I was deadline meeting with Archie was set, and I was going to ask for an assignment on the west coast somewhere. It was odd that a magazine about castles had a North America division, but today I was grateful. All I had to do was make it through another week and I would finally be on my way back to her.
The final edits were great; I sent a few to Lennon. We’d texted a few times since she left—niceties only. Nothing about the kiss, nothing that screamed, ‘I miss you, come back to me.’ But I was holding out hope that I didn’t fabricate the magnetic pull between us.
Much like the first day I saw her, I strolled into the meeting with Archie first thing in the morning. And again, Lennon was the only thing on my mind. “Ahh, Theo. Great to see you again.” I swear Archie had some sort of non-official uniform going on, because every time I was here, he looked the same. Black-rimmed glasses and all.
“Your trip went well by the looks of these photos. I’ve marked the ones for production with the green tabs.”
There were dozens marked green, causing my chest to swell with pride. This was one of my favorite parts, having them comb through the photos for the best shots. Knowing that someone else believed in my work was always a high that I never wanted to come down from.
“Well, my boy, where to next? We have a few options that might interest you—Bavaria, Vienna—to name a few.”
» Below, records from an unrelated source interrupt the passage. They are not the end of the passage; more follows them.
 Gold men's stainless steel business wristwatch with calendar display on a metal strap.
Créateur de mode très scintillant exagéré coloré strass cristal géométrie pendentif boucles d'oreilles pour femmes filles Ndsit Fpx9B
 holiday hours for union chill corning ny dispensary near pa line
“I was hoping to pick up some work back in America, on the West Coast, by chance?”
“America? You never take jobs there.” He narrowed his enlarged eyes at me from behind his glasses. He saw right through me, I was sure of it.
“What’s in America Theo?” There it was.
I couldn’t help but laugh. We had been working together for years; this job kept me moving, and he was the closest thing I had to a steady friend. It didn’t matter that he had about two decades on me. “If I give you the truth, will you give me California?” His shoulders rose, then dropped to his sides nonchalantly at my request, while waving his hand at my question.
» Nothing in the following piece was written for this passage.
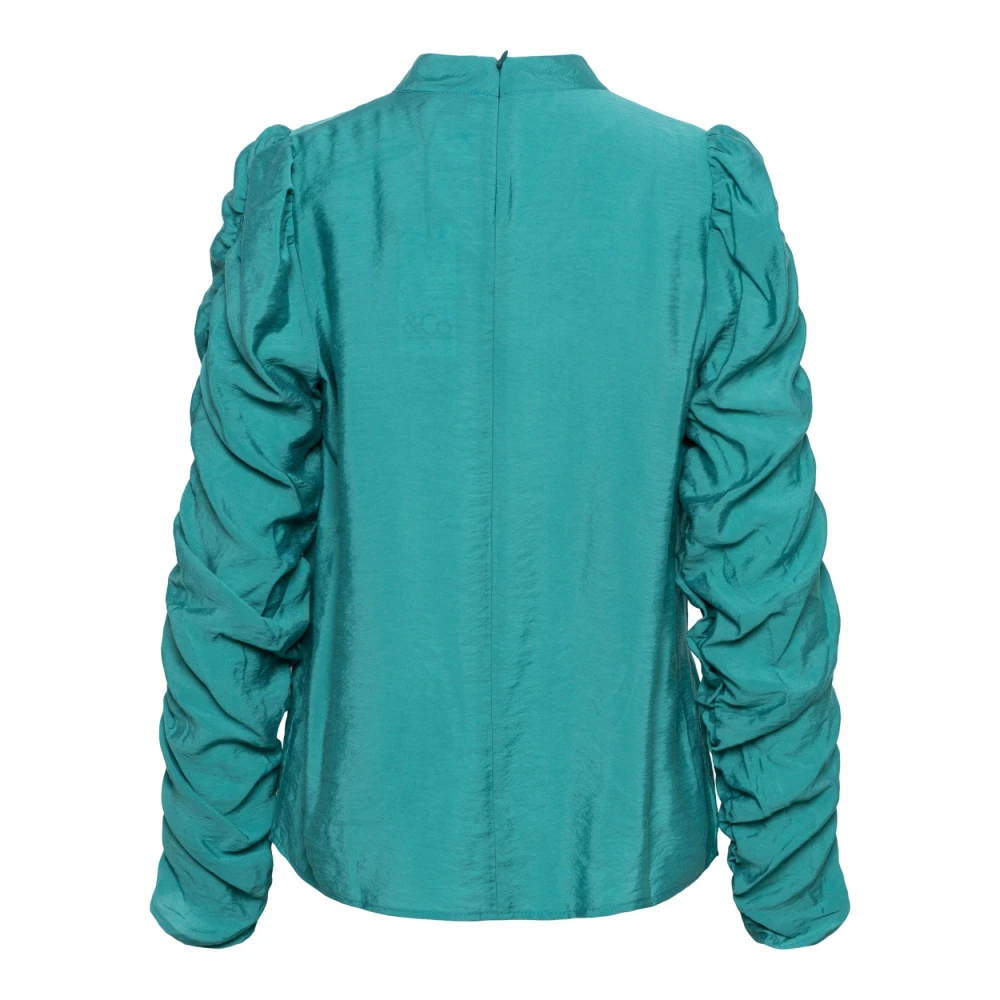 &Co Woman Bloes met lange mouwen en ruches Green Dames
“A few weeks ago, I ran into an old friend here. She was on her trip alone, so I invited her to stay with me while I worked on the itinerary. She lives in California.”
“And now you’re following her back there?” The look he gave me had amusement written all over it.
“It won’t be following her if I have work there.”
That’s what I was telling myself, at least, anything to seem the least creepy as possible.
He continued to stare at me. “If you say so. There are a few places on the West Coast that we can send you. You can take them all, and it will keep you over there for about six months or so.” He swiveled in his chair to face his computer and started plucking away at the keys to draw up the list for me.
“That sounds perfect. Thank you, Archie. I appreciate it.”
Six months. I could work with six months. I didn’t know what my end goal was. I knew I needed to be near her, in whatever capacity she would have me. I would also be lying if I didn’tacknowledge that there was a part of me that hoped I didn’t end up in the friend zone.
Once the meeting ended, I was back at my hotel trying to find anything to occupy my mind. For years I had lived out of suitcases, never staying in one place long enough to put down roots or to have a place of my own. I enjoyed the freedom I found in my career. Not having to think about anyone before disappearing to a new country. Behind a camera, I could lose myself and capture some of the most beautiful sites this world offered. Besides my equipment, there was nothing else to show that I existed. Normally, that was something I never thought twice about, but now, as I look around the empty room, doubt crept in.
Deep down, I knew that I'd been running away from the life I fell into, the one that I had forced myself to give up even though it meant I had to give her up too. I never had a reason to go back home. This could be the biggest mistake of my life. She could turn me away the second I turn up and this would all be for nothing. But if I didn’t go back to her now, I would spend the rest of my life wishing I had taken the chance.
It had been years since I even stepped foot in the states, and there was no way I could step on American soil without calling the only family I had. After a few rings, the line picked up.
“Hi, Ma.”
“Theo. Oh, it’s so good to hear from you. How are you, son?” My mother was the best kind of person. She was kind, warm, and nurturing. She loved me without condition, despite the hell I put her through in my younger years.
She and my dad had been married for forty years this year, and they spent their time in New England, at the beach and playing cards with their friends. Honestly, I didn’t know much about what they did, which was my fault. I’d been too wrapped up in my own world to remember there were people who still cared about me. But I knew that I missed them.
“I’ve been really good lately, Ma. Real good.”
“That’s wonderful, dear, and what country are you in now?”
“Scotland, but that’s why I was calling. I’m picking up work on the West Coast and thought I might stop by to see you and Dad first before making my way over.”
“Well, it’s good you called. We have some news, as well. Your dad and I are moving back to Fairvale!” I could hear my dad whoop in excitement in the background as my mom laughed.
If I could have anything in life, it would be to have what they have. A partnership that had only been strengthened by time. My parents were soul mates, which was not something most people could say about their parents. A sharp laugh escaped from me; fate was working overtime at my expense, and I did not intend to mess this up.
“That’s great Mom. It will be nice to see you both more often.”
“You too, son. What else is new? Meet anyone new in your life?” I may get along with my mom, but she was still a mom and frequently reminded me that I was alone.